Smoothly moving traffic was shown on computer screens everywhere during a tour this week of its hyper efficient control center in south London. Dozens of monitors and computers blipped and flashed — like something out of a movie showing the ops room at the Pentagon. A big board in the room's center shows a map of central London, together with traffic on surveillance cameras.
Peter Hendy, the Transport for London commissioner, is confident, almost cheerful. During an interview with The Associated Press, he suggested that even very small things will make a huge difference, such as asking some commuters to alter their habits to avoid the busiest times.
"Sometimes we'll ask people to go for a beer before you go home," Hendy said.
Transport for London has held seminars and tried to work with individual businesses in the city, whittling them down one company at a time, working with managers in hopes of changing work patterns. But not everyone can work from home. What about sales clerks, cooks or cops? Alicia Ng, 31, who lives in the London borough where the equestrian events will take place, is a health care worker at University College London. Staying at home from July 27 until Aug. 12 isn't an option.
"It's impossible," she said. "Especially for a month."
Worries about security could slow travel further. London was hit by transit attacks in 2005 that killed 52 commuters and four bombers — the day after London was awarded the games.

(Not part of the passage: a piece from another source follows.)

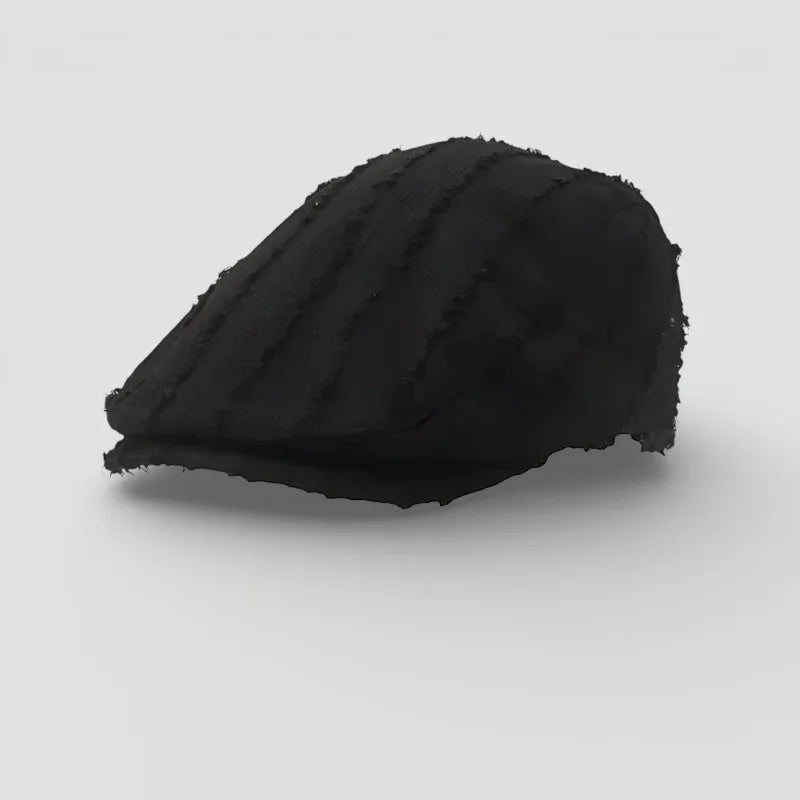 Black textured Beanie Beret Cap with frayed edges and wrinkled fabric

The city's powerful transportation unions argue the system is plagued by a long-standing failure to update and maintain infrastructure. They argue staff cutbacks have curtailed services, hurting disabled and blind commuters. Strikes are always feared.
Around 6.5 billion pounds ($10.2 billion) has been invested in upgrading and extending transport links. But that is money laid out on a transport system that creaks and groans with age. In the most glaring cases, passengers have been trapped in tunnels and forced to walk out by flashlight — not exactly a sparkling advertisement for London's image. Many here find irony in the fact it is necessary to point out with a public service announcement on any given day that "There is good service on all Underground lines!"
And though transport officials say they have great computer models, there is also no possibility to really test the plans — meaning it will be a massive and complex exercise where all the details aren't available.
"London is different to anywhere that the Olympics has taken place in modern times," said Tony Travers, a transportation expert at the London School for Economics.
Among the biggest problems are the streets themselves — laid out as they are in a pattern relatively unchanged since medieval times. That means only a handful of thoroughfares, and even those are nothing like the great boulevards that bisect cities like New York and Paris. Earmarking some lanes for Olympic traffic could cause disruption — because they are the main ones.
Mindful of Atlanta, transportation planners have identified lanes for use by Olympic VIPs, officials and athletes only. But such a system creates a built-in inequity, and London's famous black cab drivers are among those agitating for access to what is known as the Olympic Route Network. Wags have already given them the moniker Zil lanes, after the Soviet limousines that were granted exclusive use of the outside lanes of highways.
"Londoners won't take well to that," Wolmar said. "That's an issue that hasn't been properly thought out."
The skies will be busy, too. Heathrow, already Europe's busiest airport, is creating a special terminal for Olympic athletes, coaches and sponsor to fly out of Britain after the end of the games.
Airport officials say 10,000 athletes and support staff will go through the "Special Games Terminal" in the three days after the closing ceremony to process the exodus.
The day after the closing ceremony is set to be the airport's busiest ever.
Some Londoners are hopeful that chaos will be avoided. Clare Payn, 35, looked dubious at the notion that all would work smoothly, but tried to look at the bright side.
"When London gets it right, it does get it right," she said.